Here’s a brief summary of Living Between Worlds conversation #2.4
(You’ll find the recording here, and the entire series here. My extended written excursion on these themes is still in the oven, and will post here (and other places) when it’s baked. Meanwhile, you can register for the continuing conversation here).
The defects:
- Accumulation without limit.
- Extraction without reciprocity.
- Alienation without care.
- Abstraction without ground.
- Privatization without solidarity.
I proposed that the structural defects that I’m ascribing to “capital-ism” are not uniquely its own but rooted in the “economism” that has captured the world mind for centuries, and has gone to town in the last half-century.
“The takeover,” as Hazel Henderson put it, by “the philosopher kings” of economics, “of public policies, mass media, political discourse and the narratives of business, entrepreneurship, human motivation, and social organization…in both industrial and developing countries.”
So, we wondered, how do systems change? We turned to Dana Meadows’ classic Places to Intervene in a System, which pushes our habitual thinking upstream, from the metrics and mechanisms readily at hand to tweak and fiddle, to the underlying, shaping, less tangible phenomena of rules, goals, norms, and mindsets, and vision.
We concluded with Antonio Gramsci’s century-old declaration that “The old world is dying, and the new world struggles to be born: now is the time of monsters.” Monsters can represent the terrifying, or the unknown.
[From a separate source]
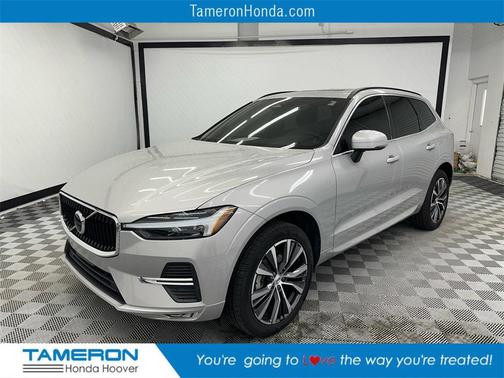 2022 Volvo XC60 B5 Momentum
I asked “How shall we live in the time of monsters?” and suggested that we do—and must do—three things:
- Build— technology, policy, relationships.
- Fortify—bodymindspirit, life support systems, networks of care.
- Do battle—for democracy, climate, the living world.
- What might an economy that is not in the death grip of economism look like?
- How might the capital-ism reformers escape that grip?
- What would we each need to bring this conversation forward in our lives, ventures, companies, cities, families…and hearts?